Paintings in Egyptian tombs depict walled gardens criss-crossed with irrigation channels and planted with fruit trees and vines. In Persia, these same elements formed the basis of the classical chahar-bagh, or fourfold garden, so called because of its formal quadripartite structure centred on a central pool or fountain. Extending from this fountain and dividing the garden into four equal parts were four straight streams, reminiscent of the agricultural irrigation channels found in ancient Egyptian gardens. The Muslims who first encountered this formal garden style were reminded of the verses in the Quran that described paradise – or heaven – as a garden. While this concept of heaven is also found in both the Torah and the Bible it is in the Quran that paradise is most precisely pictured as an enclosed garden “underneath which rivers flow”, where there shall be “repose and peace” for the faithful in shaded groves of abundant fruit trees. It is not surprising, then, that the gardens based on the chahar-bagh design were quickly adopted and developed in the Islamic world and soon cities such as Damascus were endowed with many beautiful examples of them. These gardens assumed a special spiritual space in the Muslim psyche and became prime examples of inward-looking sacred art, places in which to remember God even as they were also living spaces where families and their friends relaxed, socialised, ate and made ablutions.
‘Outside rooms’ in old Damascus
The traditional courtyard gardens of Damascus are some of the most beautiful of their type in the world. Famed in the ancient world as a bountiful city of orchards, Damascus was built in a lush oasis fed by clear streams gushing down from the surrounding mountains and it became an early centre of the Islamic world.
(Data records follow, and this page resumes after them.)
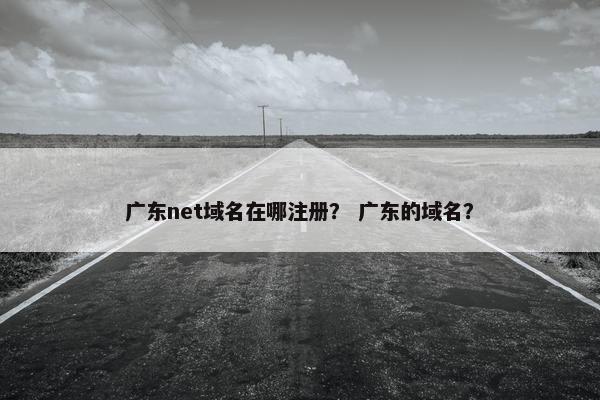 广东net域名在哪注册？ 广东的域名？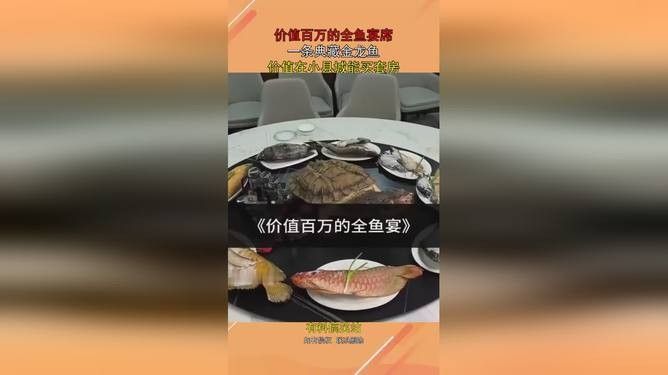 黑色金龍魚價格多少錢一條啊視頻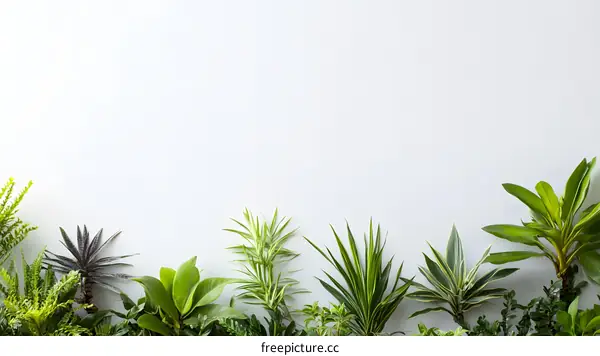 White Wall With Green Plants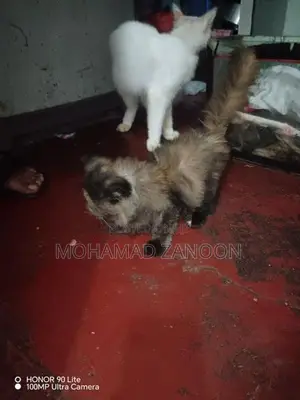 Persian Cat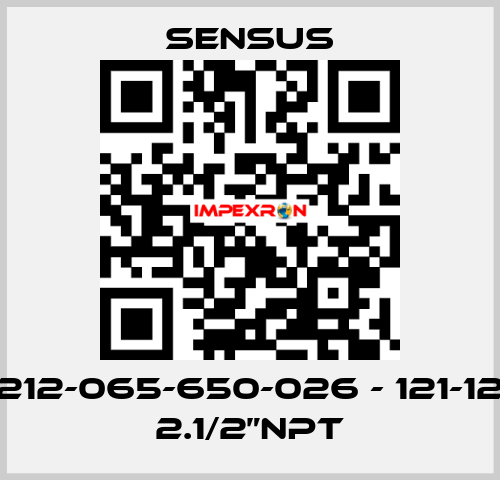 212-065-650-026 - 121-12 2.1/2”NPT Sensus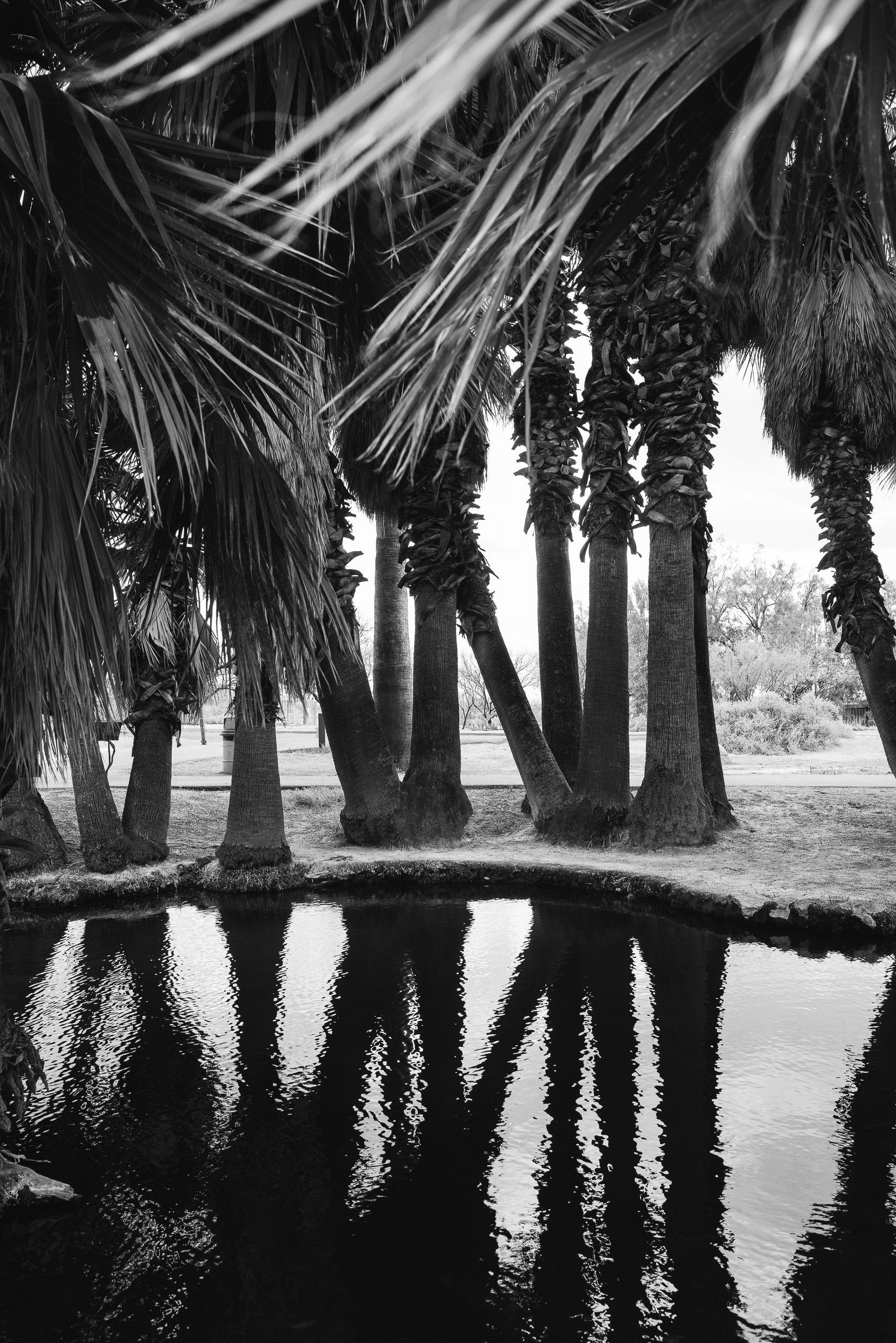 Oasis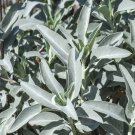 Bianco Salvia 750 Semi Organico Erbe Apiana Medicinali Raro Perennial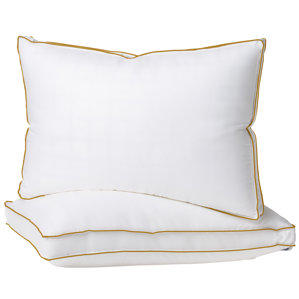 Plush Hypoallergenic 2 Pack Gel Fiber Queen Pillow by Alwyn Home
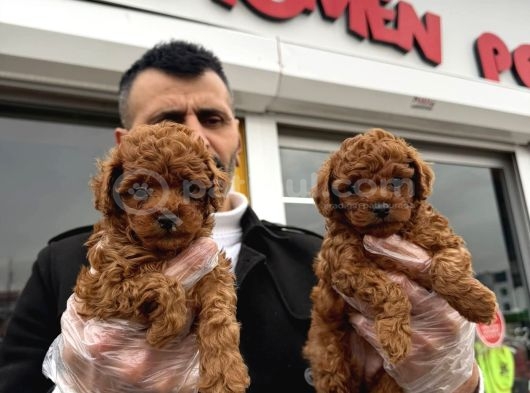 Toy Poodle Yavrular Wc Eği̇ti̇mli̇ Ankara görsel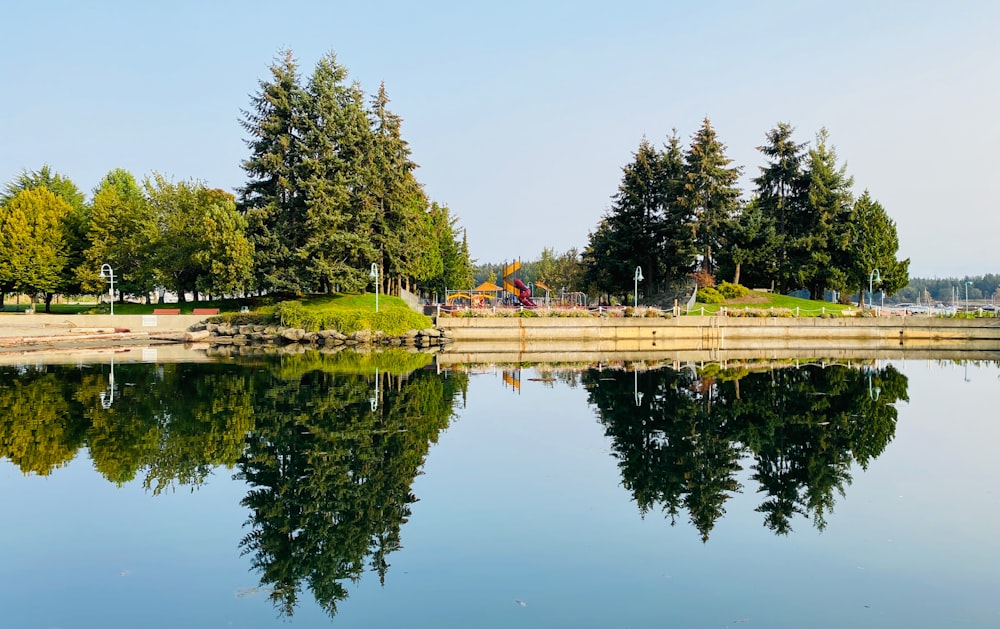 green trees beside body of water during daytime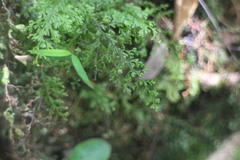 Hymenophyllum fujisanense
Unfortunately little remains of this greenery nowadays, except of course in the domestic courtyard gardens that have survived in old Damascus, and what jewels these are! Ranging in size from a mere 5 x 5m in humble dwellings to a grand 25 x 20m in palaces, these courtyard gardens perhaps exemplify the original ‘outside room’ concept that is becoming so popular today.
The English word ‘paradise’ comes from the Persian ‘pairidaeza’ – ‘pairi’ meaning ‘around’ and ‘daeza’ meaning ‘wall’
Enclosed by the walls of the house (or palace), the private courtyard garden was essentially the hub of the home, the place to relax outdoors in a cool, sheltered environment that revived the body, spirit and soul. Care would be taken to position the seating area in that part of the courtyard that was shaded from the summer sun. In larger courtyards trees also provided shade. In a very real sense, the courtyard garden also functioned as a living lung: purifying and cooling the air in the core of the home – a masterful meeting of form and function!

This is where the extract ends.